The tactic worked and about 25 riders pulled clear, led by the CSC gang. Race leader Kim Kirch (Columbia) was safely tucked in the front group, but there were some nervous moments. Damiano Cunego (Lampre) crashed at 60km, but the gap never grew beyond 30 seconds and it came together before the first of two second category climbs.

There’s reportedly some bad blood between the Schleck brothers and Kirchen, something that Riis refused to comment on.

Aussie rider Cadel Evans (Silence-Lotto) admitted it was a tougher stage than expected, so much so that there was no rest for the weary.

“No one stopped to have a pee, and you wouldn’t dare to, either. That’s the way this Tour is,” Evans said. “I was in front of the split, fortunately, but CSC had all the numbers there to ride. For whatever reason it didn’t happen, some of the other teams didn’t want to cooperate or whatever. But good to be there, good to be in front otherwise it could have been Tour nearly over.”
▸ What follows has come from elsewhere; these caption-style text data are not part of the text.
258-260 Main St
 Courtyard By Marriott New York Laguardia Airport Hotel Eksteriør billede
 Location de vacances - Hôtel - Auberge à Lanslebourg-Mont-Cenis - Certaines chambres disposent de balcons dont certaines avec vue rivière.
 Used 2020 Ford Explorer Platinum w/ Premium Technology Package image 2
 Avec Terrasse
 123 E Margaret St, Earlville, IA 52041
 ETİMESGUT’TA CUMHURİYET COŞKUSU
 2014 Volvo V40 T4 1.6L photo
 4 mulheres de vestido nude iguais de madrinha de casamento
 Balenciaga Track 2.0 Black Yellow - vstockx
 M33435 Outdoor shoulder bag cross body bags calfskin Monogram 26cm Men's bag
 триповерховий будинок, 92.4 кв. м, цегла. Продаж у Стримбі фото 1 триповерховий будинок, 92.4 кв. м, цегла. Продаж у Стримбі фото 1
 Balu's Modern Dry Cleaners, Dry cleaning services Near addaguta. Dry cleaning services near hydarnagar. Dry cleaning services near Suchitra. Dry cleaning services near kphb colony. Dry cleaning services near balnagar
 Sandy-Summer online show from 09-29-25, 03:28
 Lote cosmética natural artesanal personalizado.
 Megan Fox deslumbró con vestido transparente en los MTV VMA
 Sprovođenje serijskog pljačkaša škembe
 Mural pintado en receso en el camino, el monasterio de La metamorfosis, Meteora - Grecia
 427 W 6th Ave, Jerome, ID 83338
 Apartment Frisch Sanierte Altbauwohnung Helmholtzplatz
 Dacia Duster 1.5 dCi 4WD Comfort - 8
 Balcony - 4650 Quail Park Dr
GAS-INDUCING PRICES If you think gas prices are expensive in the United States now, you might consider Europe. A liter of unleaded gasoline along highway stations costs an eye-popping 1.63 euros, about $2.55 per liter at the going exchange rate of 1.57 dollars to the euro. Multiply that times 3.8 liters per gallon, and a gallon of gas cost $9.72. Teams are really feeling the brunt of the gas crunch. A Garmin-Chipotle official said it cost nearly $1000 to full up the team’s bus, something they have to do every two or three days, depending on the distances between stages. Add that up over a course of a season and that’s a nice salary or two for some riders.